In an editorial published on Friday, The News (Jang Group) belittles Husain Haqqani’s concerns for his safety as there have “been no fulminating clerics calling for Haqqani’s demise, nor protests or rallies against his alleged treachery”. As journalists, we find it particularly troubling that The News would require such a burden of proof of threats to ones security.
Who was the fulminating cleric calling for Saleem Shahzad’s demise? Where were the protests or rallies against his alleged treachery? Were there protests or rallies before Zahid Qureshi was tortured and mutilated? Who was the fulminating cleric calling for Umar Cheema to be kidnapped and tortured? Where were the protests or rallies that preeceded Kamran Shafi’s home being strafed with gunfire? Which fulminating cleric was it that threatened Hamid Mir? Where were the protests and rallies that led to Samaa TV’s Ghulamuddin being forced into hiding in his own country? Who is the fulminating cleric that is threatening Najam Sethi?
For Jang Group to suggest that fatwas and street rallies are required prerequisites for one’s health and safety to be in grave danger in this country is insulting to the brave men and women of the Pakistani press who every day live in fear of those we are reduced to referring to as ‘powerful quarters’ lest they find us in disfavour. How many times has an editor requested of a reporter to remove any names and references, knowing all too well the chilling crackle on a phone call, the ringing of a doorbell at 4am, or the Corolla that becomes increasingly familiar on one’s regular route?
Perhaps there has been no street protest against Husain Haqqani, but what about when Jang Group itself publishes articles terming him a traitor? Or when Jang Group publishes articles by mysterious authors that term Blackberry data as “the hammer that nails the coffin shut of those who stand accused of committing such heinous crimes against the state”. What about the production and distribution of videos like this one by “security consultant and defence analyst” Zaid Hamid.

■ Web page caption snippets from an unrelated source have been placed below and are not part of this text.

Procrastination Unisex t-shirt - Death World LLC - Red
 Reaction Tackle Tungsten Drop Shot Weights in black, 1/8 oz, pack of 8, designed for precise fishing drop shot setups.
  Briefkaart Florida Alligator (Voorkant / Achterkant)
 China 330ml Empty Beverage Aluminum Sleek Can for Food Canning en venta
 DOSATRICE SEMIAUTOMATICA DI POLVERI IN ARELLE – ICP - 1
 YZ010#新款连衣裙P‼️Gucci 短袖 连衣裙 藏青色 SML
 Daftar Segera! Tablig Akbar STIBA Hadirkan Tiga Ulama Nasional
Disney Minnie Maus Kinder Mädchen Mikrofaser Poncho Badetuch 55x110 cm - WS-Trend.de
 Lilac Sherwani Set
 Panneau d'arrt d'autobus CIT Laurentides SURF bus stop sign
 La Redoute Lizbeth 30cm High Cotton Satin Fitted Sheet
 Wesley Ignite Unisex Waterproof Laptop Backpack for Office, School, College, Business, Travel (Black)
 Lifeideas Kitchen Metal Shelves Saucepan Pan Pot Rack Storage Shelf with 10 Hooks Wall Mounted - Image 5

Being on the bad side of powerful quarters is not a safe place to be. Something we as journalists know perfectly well. The issue of the memo is presently sub judice as the Supreme Court has initiated a commission to separate truth from rumours. In the meantime, responsible media groups should not engage in publishing articles terming those involved as ‘traitors’ who have committed ‘heinous crimes against the state’. They should also refrain from making light of the very serious issue of security and safety for individuals who are accused of such acts without ever having been even charged with such crimes, much less convicted. The consequences, we know, can be severe. In short, facts please. Or is that just too much to ask?